§ DIRECTIONS FOR THIS TASK
Write out an exact copy of the line containing "Estufa Infrarroja Betterlife" and all lines that follow it in the data below, leaving out pictures.

Pictures with short captions:
◇ ◇ ◇ ◇ ◇ ◇ ◇
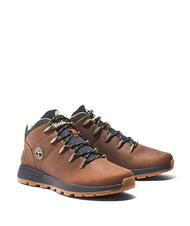 TIMBERLAND SPRINT TREKKER Leather and fabric boot - Men&rsquo;s shoes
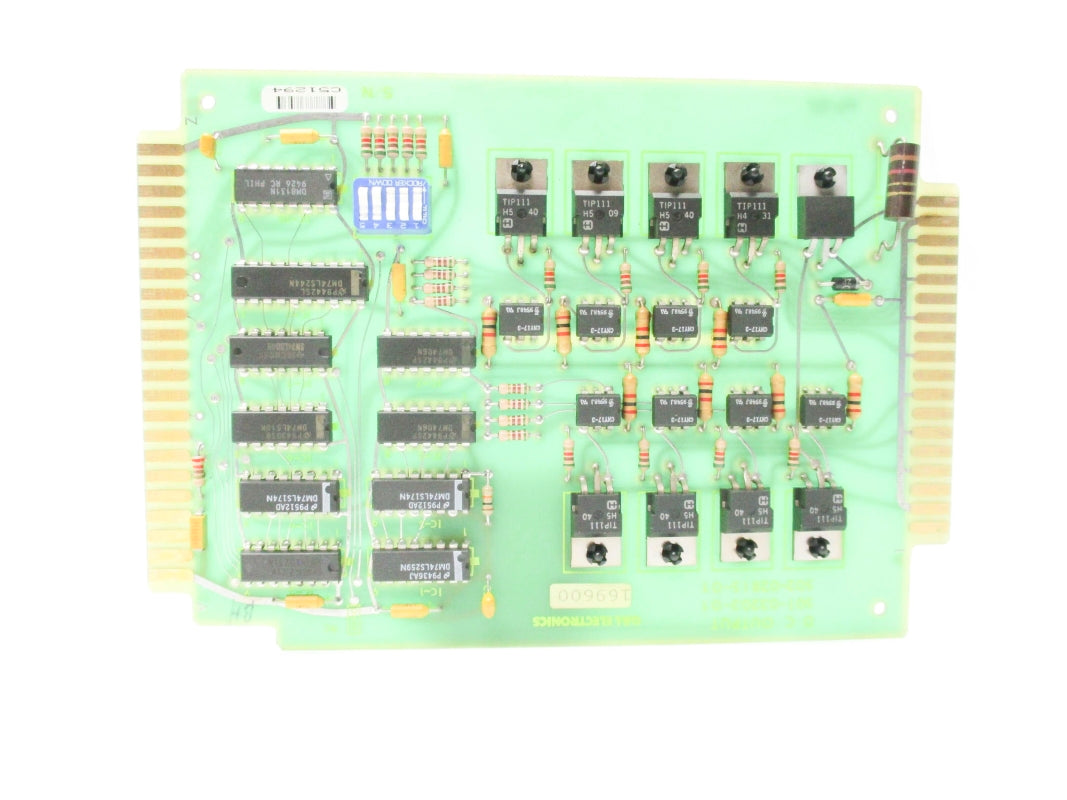G&L ELECTRONICS 501-03203-01 502-02815-01 UNMP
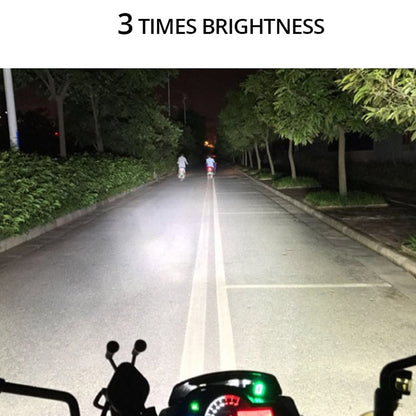 2 PCS MK-265 Motorcycle Character Shooting Light Auxiliary Day Running Light, Style:, 8 LEDs, 12 LEDs, 16 LEDs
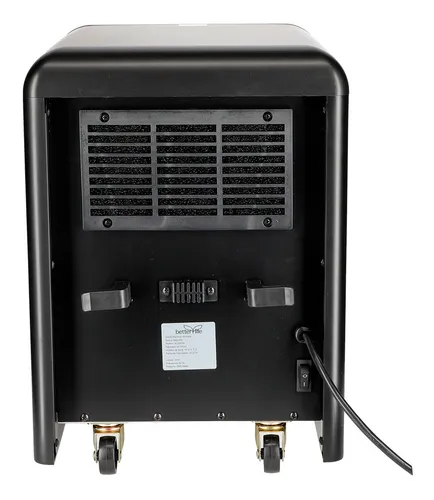 Estufa Infrarroja Betterlife Blir1500w Wifi Negro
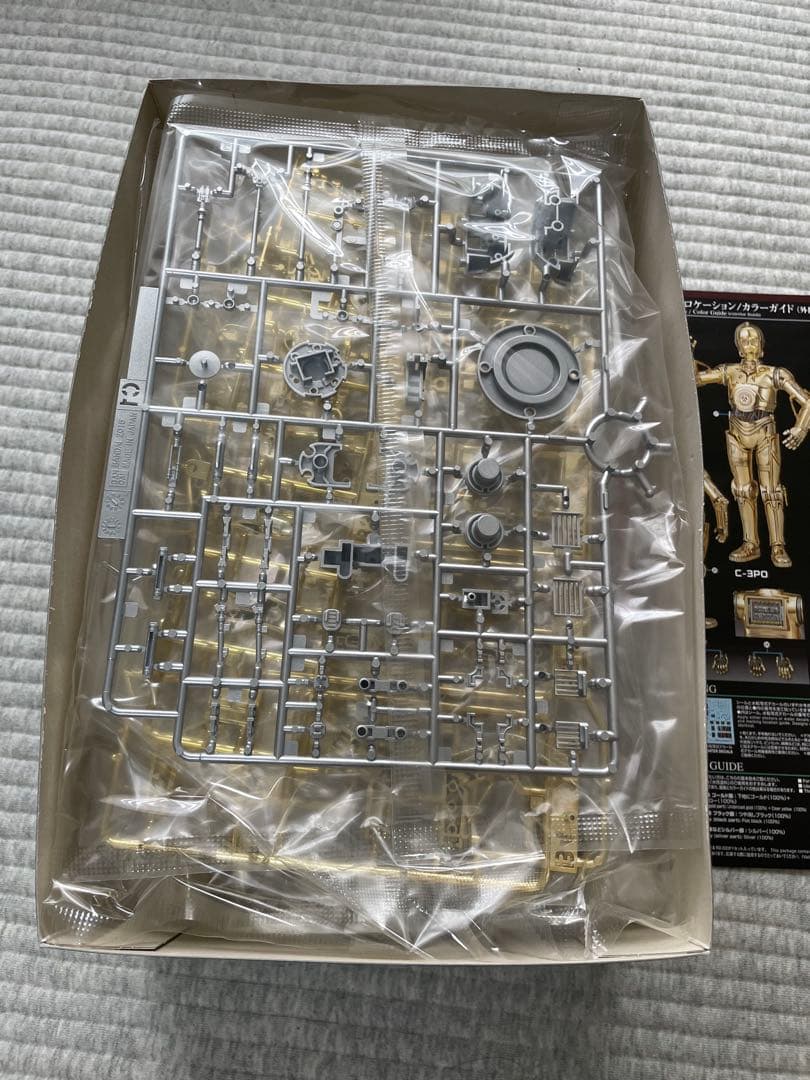 プラモデル スターウォーズ C-3PO & R2-D2 最後のジェダイ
◇ ◇ ◇ ◇ ◇ ◇ ◇
§ REPLY TO THE EXERCISE
 Estufa Infrarroja Betterlife Blir1500w Wifi Negro
 プラモデル スターウォーズ C-3PO & R2-D2 最後のジェダイ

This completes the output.